This question already has an answer here:
-
Fixed-size floating point types
4 answers
I was looking to see if there is any standard type similar to uint32_t
which always would map into a 32-bit unsigned integral type but I could not find any.
Is the size of float
always 4 byte on all platform?
Is the size of double
always 8?
Does either standard say anything on the matter?
I want to make sure that my size is always the same on all platforms (x86 and x64) so I am using standard int types, but I could not find any similar typedef for float
and double
.
Excerpt from the C99 standard, normative annex F (The C++-standard does not explicitly mention this annex, though it includes all affected functions without change per reference. Also, the types have to match for compatibility.):
IEC 60559 floating-point arithmetic
F.1 Introduction
1 This annex specifies C language support for the IEC 60559 floating-point standard. The
IEC 60559 floating-point standard is specifically Binary floating-point arithmetic for
microprocessor systems, second edition (IEC 60559:1989), previously designated
IEC 559:1989 and as IEEE Standard for Binary Floating-Point Arithmetic
(ANSI/IEEE 754−1985). IEEE Standard for Radix-Independent Floating-Point
Arithmetic (ANSI/IEEE 854−1987) generalizes the binary standard to remove
dependencies on radix and word length. IEC 60559 generally refers to the floating-point
standard, as in IEC 60559 operation, IEC 60559 format, etc. An implementation that
defines __STDC_IEC_559__
shall conform to the specifications in this annex.356)
Where a binding between the C language and IEC 60559 is indicated, the
IEC 60559-specified behavior is adopted by reference, unless stated otherwise. Since
negative and positive infinity are representable in IEC 60559 formats, all real numbers lie
within the range of representable values.
So, include <math.h>
(or in C++ maybe <cmath>
), and test for __STDC_IEC_559__
.
If the macro is defined, not only are the types better specified (float
being 32bits and double
being 64bits among others), but also the behavior of builtin operators and standard-functions is more specified.
Lack of the macro does not give any guarantees.
For x86 and x86_64 (amd64), you can rely on the types float
and double
being IEC-60559-conformant, though functions using them and operations on them might not be.
Does not say anything about the size.
3.9.1.8
There are three floating point types: float, double, and long double.

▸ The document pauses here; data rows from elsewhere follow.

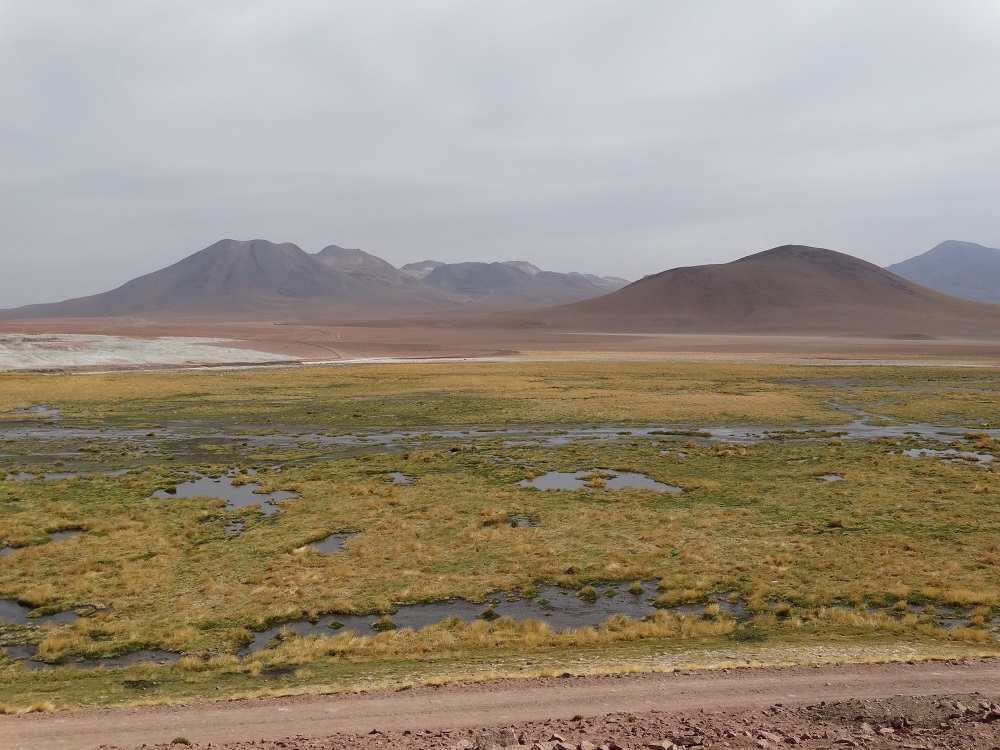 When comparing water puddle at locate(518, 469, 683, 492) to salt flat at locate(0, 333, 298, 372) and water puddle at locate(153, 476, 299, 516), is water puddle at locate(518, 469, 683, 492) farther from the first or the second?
salt flat at locate(0, 333, 298, 372)

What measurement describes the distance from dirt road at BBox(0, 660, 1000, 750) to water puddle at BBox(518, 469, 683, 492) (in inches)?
567

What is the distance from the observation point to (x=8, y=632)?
13.9 meters

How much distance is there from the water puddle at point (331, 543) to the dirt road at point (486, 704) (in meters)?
8.47

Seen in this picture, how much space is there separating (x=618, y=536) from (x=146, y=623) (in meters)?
11.5

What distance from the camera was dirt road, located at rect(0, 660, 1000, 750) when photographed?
31.7ft

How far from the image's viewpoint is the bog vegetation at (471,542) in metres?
13.0

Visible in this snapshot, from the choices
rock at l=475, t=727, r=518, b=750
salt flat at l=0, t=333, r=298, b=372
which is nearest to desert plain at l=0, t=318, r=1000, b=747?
rock at l=475, t=727, r=518, b=750

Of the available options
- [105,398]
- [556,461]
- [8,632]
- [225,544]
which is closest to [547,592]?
[225,544]

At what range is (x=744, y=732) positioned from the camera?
29.6 feet

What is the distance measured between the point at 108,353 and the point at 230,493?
75.3 metres

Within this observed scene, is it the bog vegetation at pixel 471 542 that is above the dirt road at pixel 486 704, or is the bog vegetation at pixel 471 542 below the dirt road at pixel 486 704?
below

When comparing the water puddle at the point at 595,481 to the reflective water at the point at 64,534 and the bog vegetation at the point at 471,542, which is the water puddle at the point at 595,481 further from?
the reflective water at the point at 64,534

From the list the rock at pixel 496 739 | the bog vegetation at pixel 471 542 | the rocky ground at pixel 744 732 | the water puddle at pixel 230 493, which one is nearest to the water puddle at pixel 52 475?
the bog vegetation at pixel 471 542

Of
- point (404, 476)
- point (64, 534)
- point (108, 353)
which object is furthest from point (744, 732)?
point (108, 353) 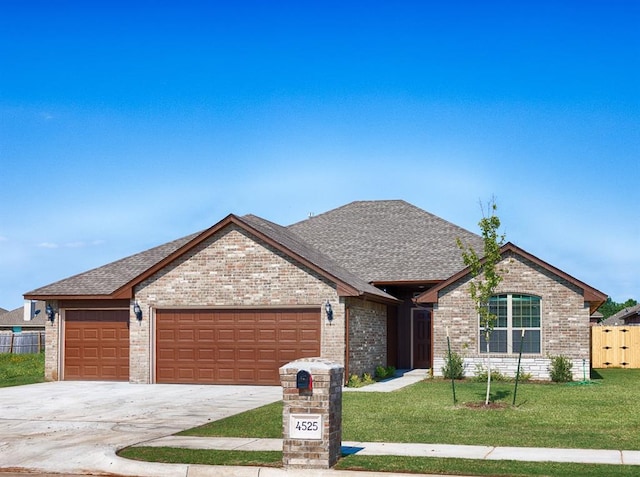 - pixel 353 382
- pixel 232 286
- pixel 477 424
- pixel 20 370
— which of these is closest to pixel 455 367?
pixel 353 382

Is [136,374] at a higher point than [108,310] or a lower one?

The type double provides at least as much precision as float, and the
type long double provides at least as much precision as double. The
set of values of the type float is a subset of the set of values of
the type double; the set of values of the type double is a subset of
the set of values of the type long double. The value representation of
floating-point types is implementation-defined. Integral and floating
types are collectively called arithmetic types. Specializations of the
standard template std::numeric_limits (18.3) shall specify the maximum
and minimum values of each arithmetic type for an implementation.
The C++ standard doesn't say anything, but in most of the platforms C++ use the single/double precision standard from IEEE, which define single precision as 4 bytes, and double precision as 8 bytes.
http://en.wikipedia.org/wiki/Single-precision_floating-point_format
http://en.wikipedia.org/wiki/Double-precision_floating-point_format
I'm not sure about the exceptions for these cases.
As floating point operations are implemented at a low level by CPUs, the C++ standard does not mandate a size for either a float
, double
or long double
. All it says is that the order I specified them is in equal or increasing order of precision.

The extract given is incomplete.